With all that said, though, I'm aware that I've gone on record getting fed up when Russell T Davies and Chris Chibnall used to wave their magic wands and restore everyone back to life every twenty minutes. Am I not being hypocritical? Well, maybe. I can't deny my low opinion of Davies' and Chibnall's styles (not that I think either of them haven't managed great episodes) might be coming into play here. But really, I think it's a mistake to complain about the actual nature of the "Everyone lives!" ending, as oppose to analysing the aspects of such an ending that make it work or otherwise.  My problem with Davies' use of the trick was that it was done for the sake of overwrought melodrama; that he was incapable of realising that having David Tennant act sad on screen isn't actually very interesting. It works still less with John Barrowman, who whilst undeniably brilliant at certain things has a frighteningly narrow range. Someone (maybe Phil Sandifer?) pointed out once that Davies' approach is that it doesn't matter if the entirety of a story "didn't happen" so long as there is an emotional cost for at least one of the characters. Which, honestly, doesn't seem unreasonable in principle.  The problem comes when you realise Davies only has two settings when following up on that cost, "ignore" and "pound into the fucking ground amid Murray Gold yelling "NOW IS THE TIME FOR SADNESS!" at his orchestra". Davies' resets were just ways to take the Doctorsads to eleven every few episodes in a way that he couldn't were he to follow through on his set-ups.
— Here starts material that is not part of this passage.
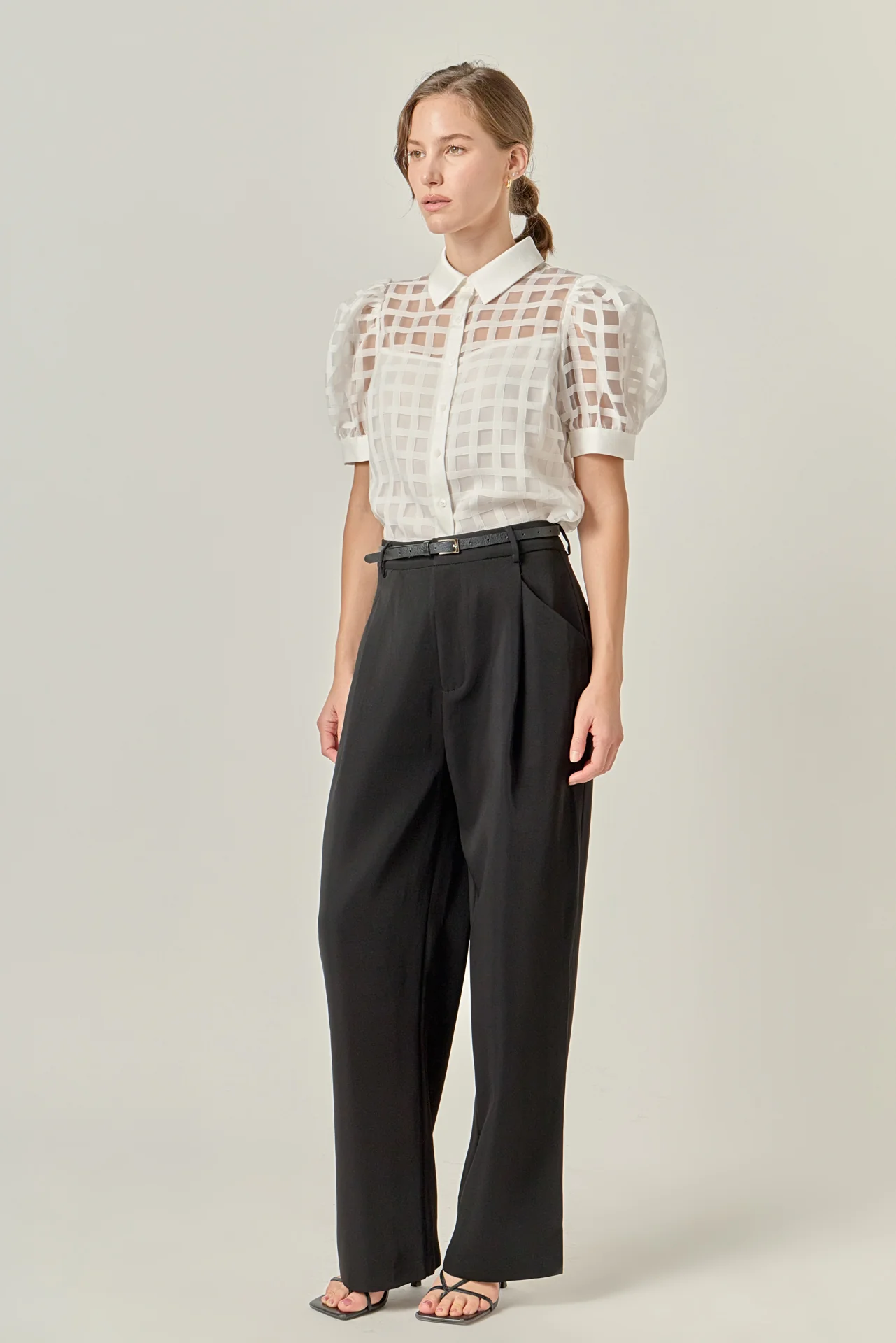 Short Sleeve Organza Grid Blouse - Image 30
(There's also the difference between knowing something will be reversed because of the Haldane Paradox and knowing it will be reversed because that's just what Davies' usually writes. Narrative conventions and irritating personal tics are not the same thing.)
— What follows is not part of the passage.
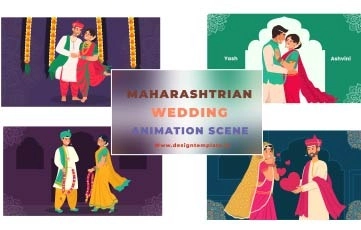 Maharashtrian Wedding Animation Scene After Effects Template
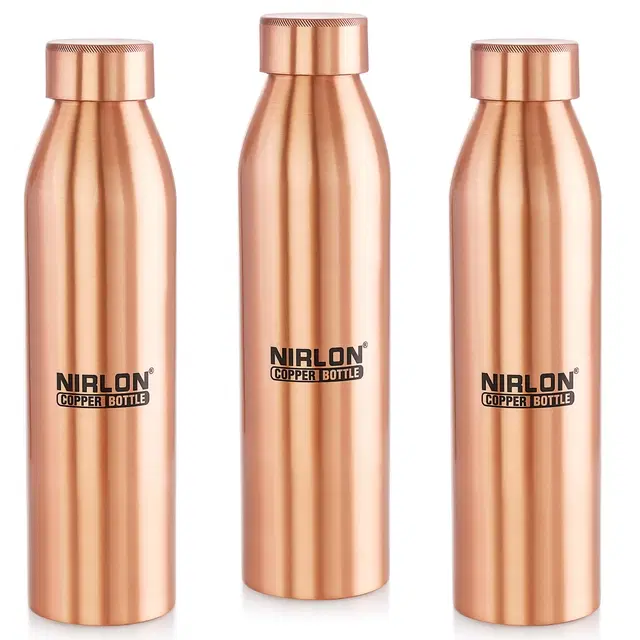Nirlon Copper Tamba Bottle With Advanced Leaf Proof Protection/Joint Less, Ayurveda And Yoga Health Benefits For Everyday Use, Vedic 950Ml, Set Of 3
In contrast to the Davies approach, what Moffat is doing here strikes me as potentially interesting. As with the best cliffhangers (and this is definitely something I've got from Sandifer) the burning question isn't "Will the Doctor survive/get his friends back" but "HOW will the Doctor survive/get his friends back". On this occasion the ostensible answer is "by effectively murdering billions of sentient creatures by murdering their creator before he'd even drawn up the first eye-stalk". I'm not saying that couldn't go horribly wrong, I'm just pointing out that it hasn't gone horribly wrong yet.  I may well be swearing at my television soon enough. For now, though, I'm holding off. TL;DR: I'm not going to open fire before the Doctor has the chance to.

(Also: loved Missy almost as much as I loved the handmines. Referencing forty-year old stories through the medium of grotesque horror images born of childish puns is absolutely the way to go.)